The data:
:::
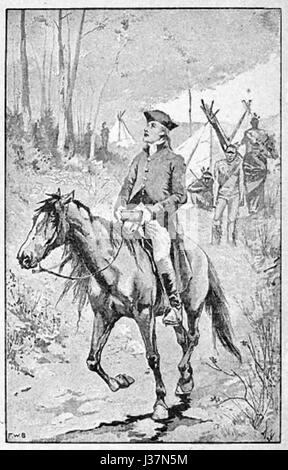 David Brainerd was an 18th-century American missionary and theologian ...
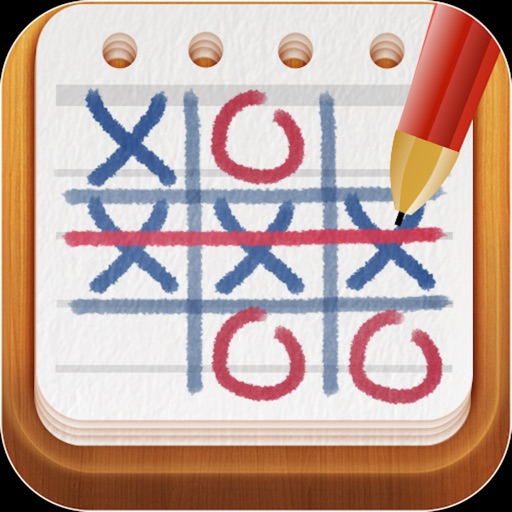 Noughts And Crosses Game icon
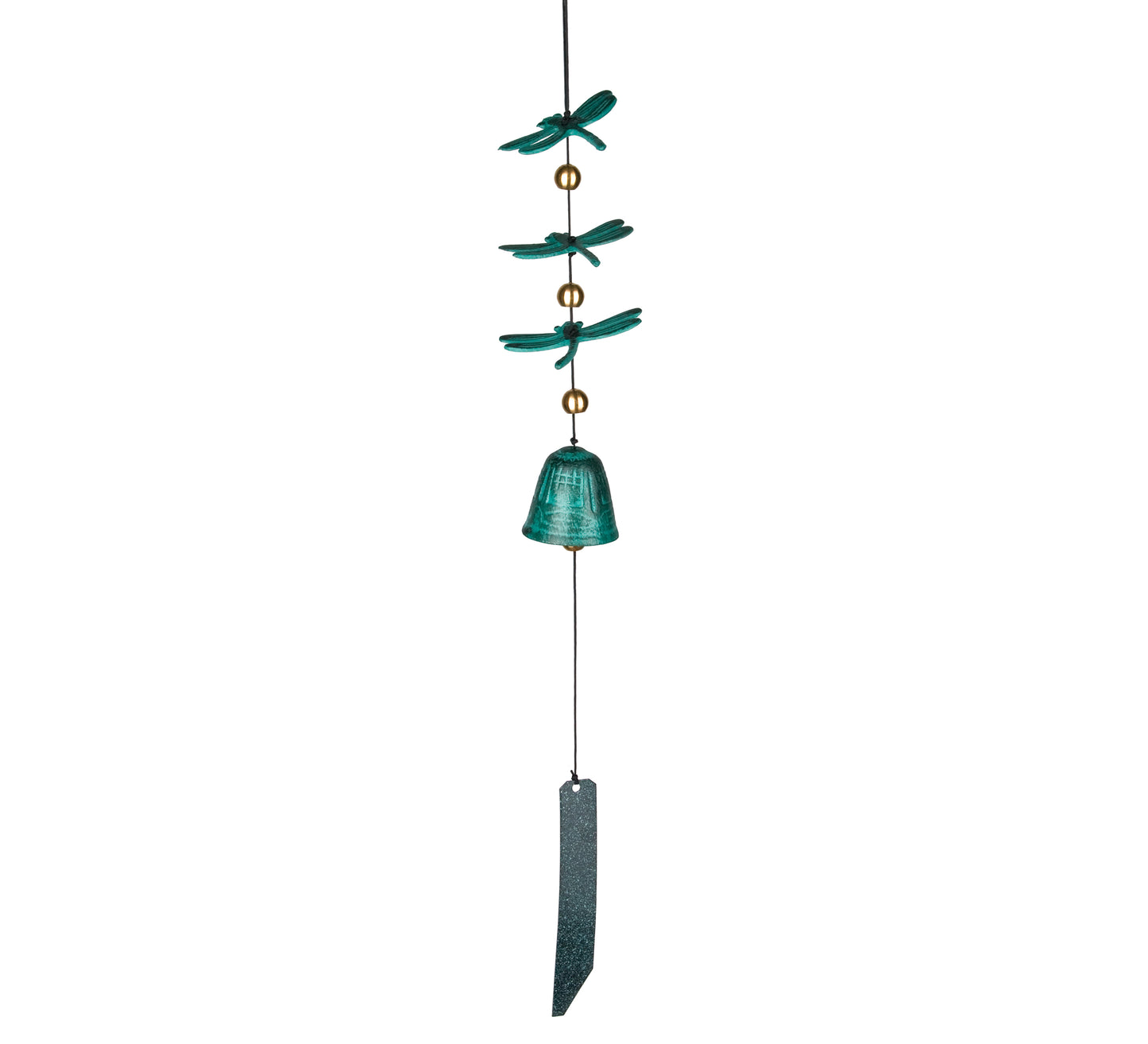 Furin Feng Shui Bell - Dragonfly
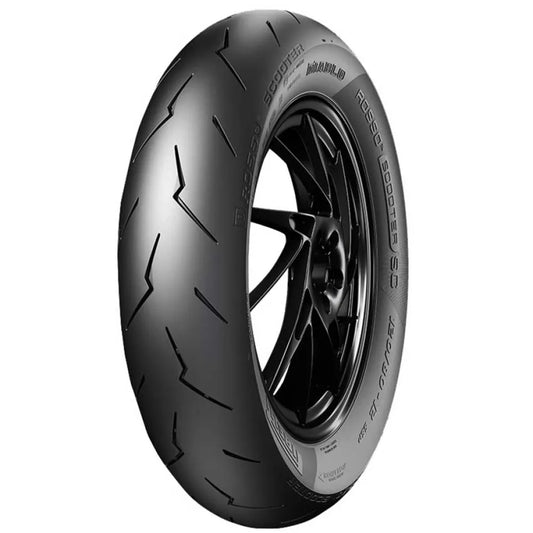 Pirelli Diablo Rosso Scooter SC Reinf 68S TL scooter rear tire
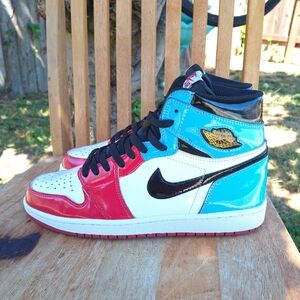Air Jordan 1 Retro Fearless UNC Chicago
:::
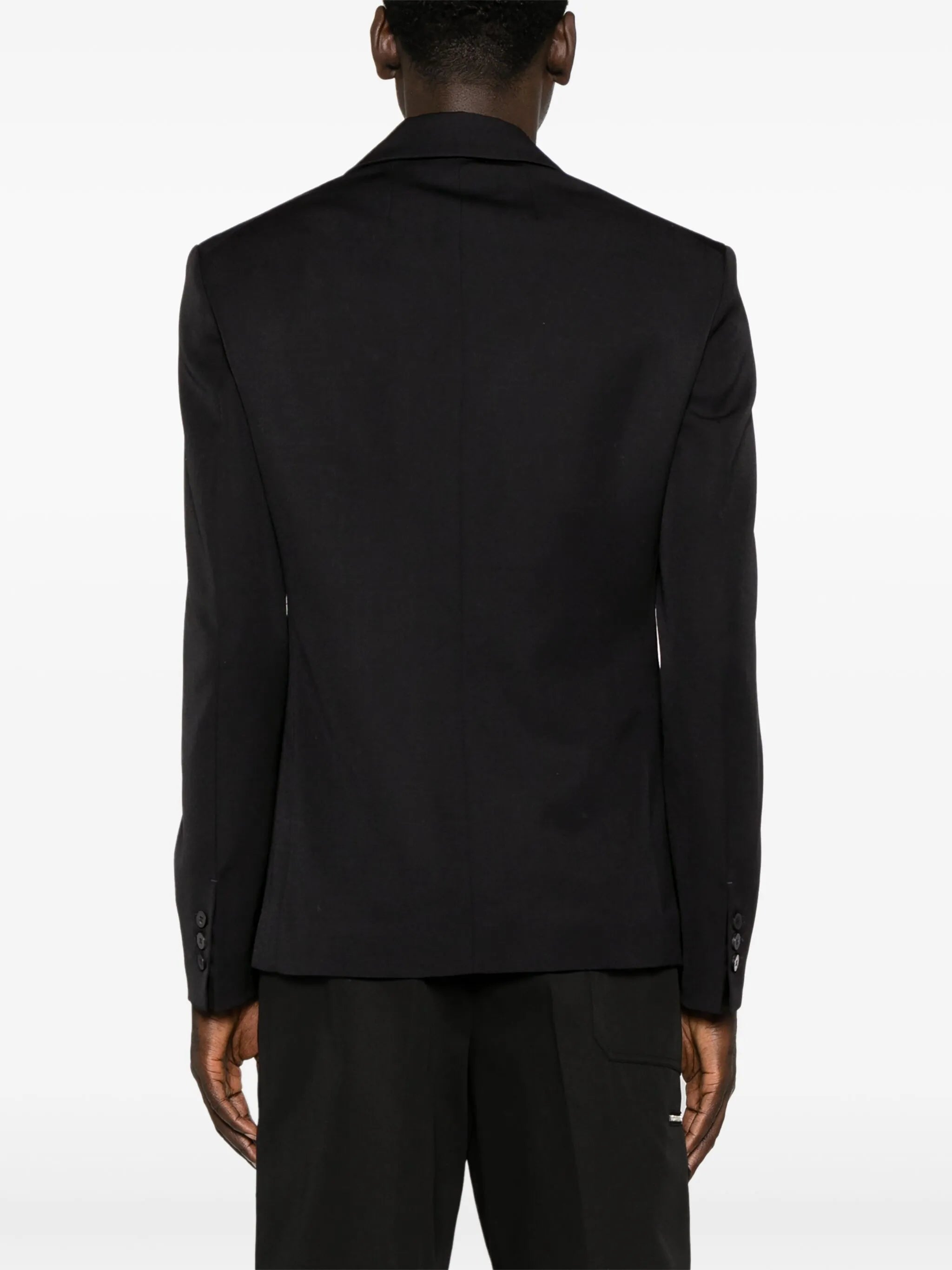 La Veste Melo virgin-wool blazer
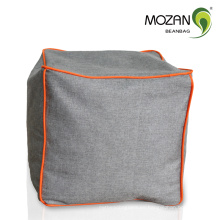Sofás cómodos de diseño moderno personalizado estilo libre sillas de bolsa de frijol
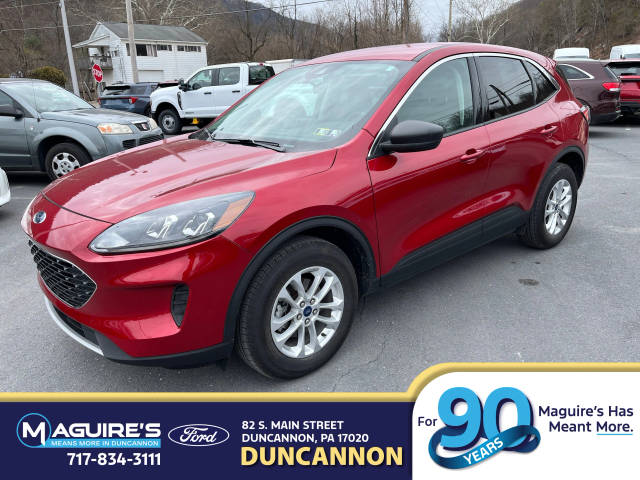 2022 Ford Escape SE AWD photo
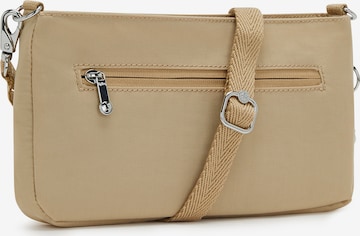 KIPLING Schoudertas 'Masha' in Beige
:::
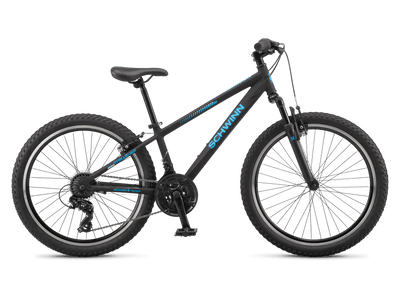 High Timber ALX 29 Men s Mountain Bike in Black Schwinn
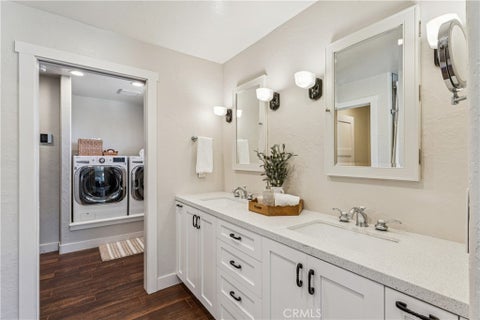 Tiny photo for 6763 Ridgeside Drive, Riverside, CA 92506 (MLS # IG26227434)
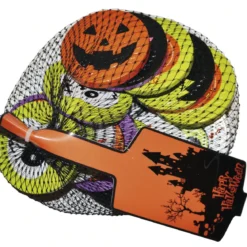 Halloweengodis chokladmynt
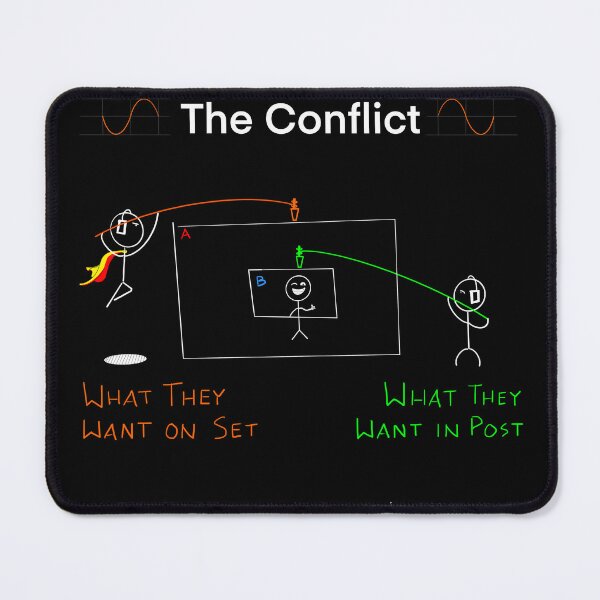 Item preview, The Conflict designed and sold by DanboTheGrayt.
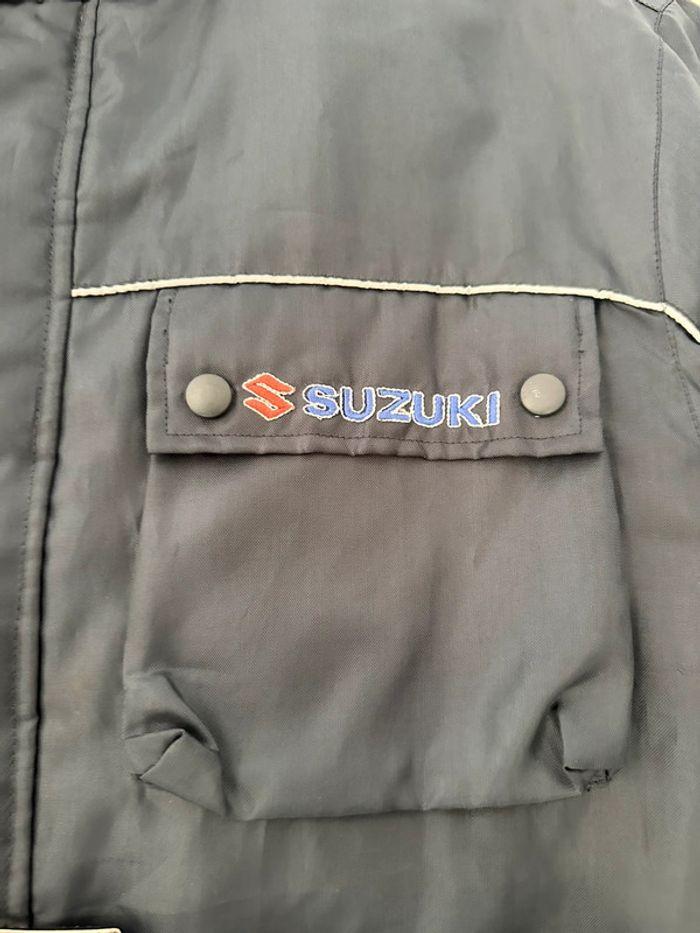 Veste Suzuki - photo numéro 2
:::
Beginning at the line above that contains "La Veste Melo virgin-wool blazer", repeat each line exactly through the one that contains "KIPLING Schoudertas 'Masha' in Beige", and leave out the pictures.

Answer to this problem:
 La Veste Melo virgin-wool blazer
Sofás cómodos de diseño moderno personalizado estilo libre sillas de bolsa de frijol
 2022 Ford Escape SE AWD photo
 KIPLING Schoudertas 'Masha' in Beige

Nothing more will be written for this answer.